The third project sounds like something straight out of science fiction. Zhang, Anderson, and doctoral student Reza Ghaffarivardavagh (ENG’20) have created a new method of airborne sound attenuation—structures with openings that allow air and light to move through, but made out of metamaterials designed to cancel out specific frequencies of unwanted sound. It’s not a sound barrier, but rather a passive structure capable of disruptive interference to cancel out the sound waves passing through it. The invention, currently in the proof-of-concept stage, could, for example, one day make it possible to reduce the noise from a loud fan without reducing its airflow.

Asked about her most important skills, Zhang talks about her ability to spot good students and a willingness to try unexpected approaches. “Learn to fail, instead of fail to learn,” she says.

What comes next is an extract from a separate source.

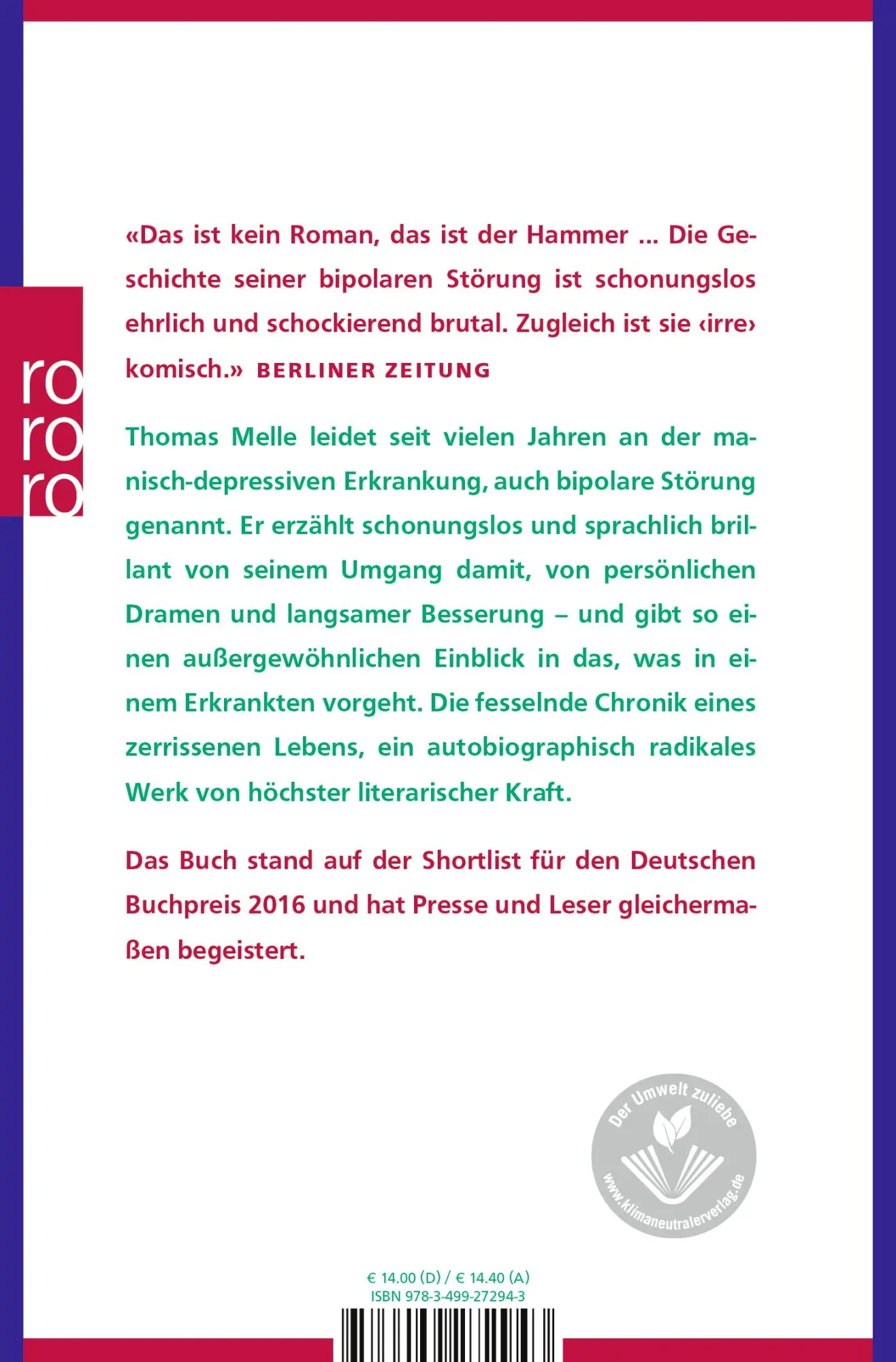 Rückseite: 9783499272943 | Die Welt im Rücken | Thomas Melle | Taschenbuch | 352 S. | Deutsch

“Acoustic metamaterials is a new field. No one nearby is working on this field,” Ghaffarivardavagh says. “The reason we have reached this point is because the professor is willing to work on very novel science that has not been developed,” because it’s too risky to try, “but may be rewarding too.”

Anderson says this new technology could also lead to new functions in medical ultrasound technology, “doing things that are simply not possible now, using new devices.” Zhang, he says, “is intellectually completely unfettered. No silos, no limits.”

A native of China, Zhang earned a PhD at Hong Kong University of Science and Technology and did postdoctoral research at MIT. She joined BU in 2002. She received a National Science Foundation Faculty CAREER Award in 2003 and in 2009 was named ENG’s inaugural Distinguished Faculty Fellow, an honor given to tenured engineering faculty. Despite the complex nature of her work in her Photonics Center LMST lab, she is clear about what drives her: solving problems with real-world applications.

“I am interested in: can you make an impact?” Zhang says. “The problem has got to be difficult enough that it has not been solved, and important enough.”